The Zero-Day Collapse: The Case for Continuous AI Red Teaming
Repello tech background with grid pattern symbolizing AI security

-

TL;DR

  • The median time from vulnerability disclosure to first observed exploit dropped from 771 days in 2018 to 4 hours in 2024. By 2025, the majority of exploited vulnerabilities were weaponized before public disclosure.

  • AI has industrialized exploit development: a working exploit for a known vulnerability now costs as little as $4, and AI agent swarms can find over 100 new kernel vulnerabilities in 30 days.

  • Organizations can remediate roughly 10% of new vulnerabilities per month. The average patch takes 20 days to test and deploy. The attack is already inside that window.

  • Periodic red teaming, run quarterly or annually, was calibrated for a threat landscape that no longer exists. Continuous AI red teaming is not a premium option — it is the minimum viable defense posture for 2026.

In 2018, the median time from a vulnerability being disclosed to the first observed exploit in the wild was 771 days. Security teams had over two years to identify, prioritize, test, and deploy a patch before real-world exploitation typically began. That window shaped an entire generation of security practice: vulnerability management programs, patch cadence policies, compliance frameworks, and red teaming schedules.

By 2024, that window had compressed to 4 hours. In 2025, 67.2% of exploited CVEs were weaponized before or on the day of public disclosure, up from 16.1% in 2018. Two-thirds of confirmed exploitation in the wild is now happening before defenders have any information to act on.

This is the finding at the center of Sergej Epp's Zero Day Clock, a live dashboard tracking the collapse of exploitation timelines across 3,515 CVE-exploit pairs from CISA KEV, VulnCheck KEV, and XDB. It is one of the most important data visualizations in security right now, not because it introduces a new threat, but because it makes the structural failure of reactive security impossible to ignore. This post draws out the implications for AI red teaming specifically.

How AI collapsed the exploitation timeline

The compression of time-to-exploit from 771 days to 4 hours did not happen through attacker skill improvement alone. It happened because AI eliminated the bottleneck in exploit development: the time and cost required to translate a disclosed vulnerability into a working weaponized payload.

Research from the University of Illinois at Urbana-Champaign demonstrated that GPT-4 could autonomously exploit one-day vulnerabilities with an 87% success rate at an average cost of $8.80 per exploit. That cost has since fallen further. AI agent swarms built by researchers Yaron Dinkin and Eyal Kraft found over 100 exploitable vulnerabilities across major hardware vendor kernel drivers in 30 days, at a total cost of $600, roughly $4 per confirmed bug. Sean Heelan built agents that generated over 40 working exploits for a single vulnerability for $50, defeating address space layout randomization, control-flow integrity, hardware security features, and sandboxes in the process.

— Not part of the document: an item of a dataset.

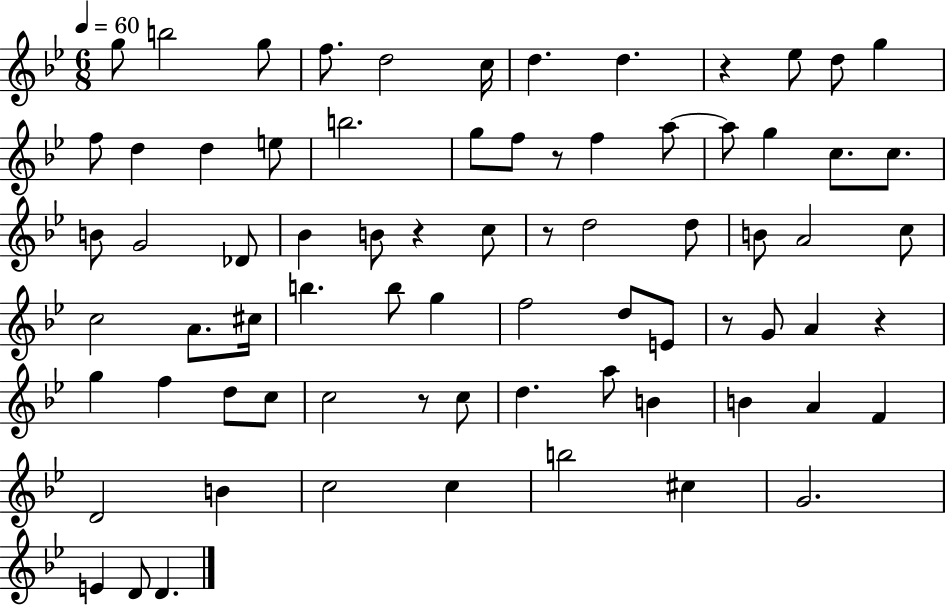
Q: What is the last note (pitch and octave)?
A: D4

Google's Project Zero and DeepMind collaboration, Big Sleep, independently discovered a critical exploitable memory-safety flaw in SQLite before any human researcher did — the first publicly documented case of AI finding a previously unknown real-world vulnerability that was ready to exploit. Anthropic published findings that Claude had identified over 500 high-severity vulnerabilities in widely used open-source software, bugs that had survived decades of expert human review.

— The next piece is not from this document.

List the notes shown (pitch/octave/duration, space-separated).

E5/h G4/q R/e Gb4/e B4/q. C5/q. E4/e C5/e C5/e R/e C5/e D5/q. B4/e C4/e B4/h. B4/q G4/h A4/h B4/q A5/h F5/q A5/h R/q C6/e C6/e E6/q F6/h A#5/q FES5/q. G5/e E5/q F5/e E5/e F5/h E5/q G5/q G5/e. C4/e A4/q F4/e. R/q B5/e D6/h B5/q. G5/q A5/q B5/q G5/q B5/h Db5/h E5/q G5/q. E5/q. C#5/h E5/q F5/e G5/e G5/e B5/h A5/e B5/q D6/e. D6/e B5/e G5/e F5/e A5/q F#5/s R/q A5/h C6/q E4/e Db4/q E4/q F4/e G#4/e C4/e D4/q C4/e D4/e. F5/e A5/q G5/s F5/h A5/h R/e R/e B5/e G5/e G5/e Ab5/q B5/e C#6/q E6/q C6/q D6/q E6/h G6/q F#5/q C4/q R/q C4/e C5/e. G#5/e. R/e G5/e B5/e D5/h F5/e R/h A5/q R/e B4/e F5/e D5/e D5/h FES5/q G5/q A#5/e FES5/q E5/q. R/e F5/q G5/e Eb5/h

The acceleration is structural. Epp's framework, which he calls Verifier's Law, explains why: AI capability scales with the cheapness of verification, and offense has the cheapest verifier in all of cybersecurity. Did the exploit succeed? The feedback is binary and instant. The AI learns at machine speed. On the defensive side, verification is ambiguous, slow, and expensive. Is this alert real? Is this system secure? The signal is noisy and the learning loop is broken. AI systems improve faster on offense not because defenders are less capable, but because the verification structure inherently favors the attacker.

The CVE volume problem compounds the timeline problem

If the exploitation timeline were collapsing in isolation, defenders could theoretically adapt by improving patch velocity. The problem is that the timeline collapse is happening simultaneously with an exponential increase in vulnerability volume.

CVE.ICU, which tracks CVE publication records, shows 25,000 CVEs published in 2022, 29,000 in 2023, 40,000 in 2024, and over 48,000 in 2025, a 520% rise in annual CVE records since 2016. The 2025 total brings the all-time published CVE count past 308,000.

The driver is not just more software. It is AI-assisted development. Developers using AI coding tools are reporting 40%+ productivity gains, with AI generating a significant share of committed code. More code, produced faster, with proportionally less human review means the vulnerability production rate is scaling with developer productivity. The attack surface is not just growing — it is being manufactured at industrial scale, and the manufacturing process has been automated.

Organizations facing this volume are not keeping up. Cyentia Institute research shows organizations can remediate approximately 10% of new vulnerabilities per month. The average time to test and deploy a security patch is 20 days. CISA KEV data shows it takes organizations around 55 days to remediate 50% of known-exploited vulnerabilities once a patch is available. When the median time-to-exploit is measured in hours, a 55-day remediation timeline is not inadequate. It is irrelevant.

The 2024 Verizon DBIR documented that vulnerability exploitation as an initial access vector tripled, growing 180% over the prior year's report. The 2025 DBIR continued the trend, reporting a 34% year-over-year rise in breaches initiated through vulnerability exploitation. This is not a spike. It is the new baseline, driven by the same AI-assisted exploitation infrastructure that collapsed the timeline.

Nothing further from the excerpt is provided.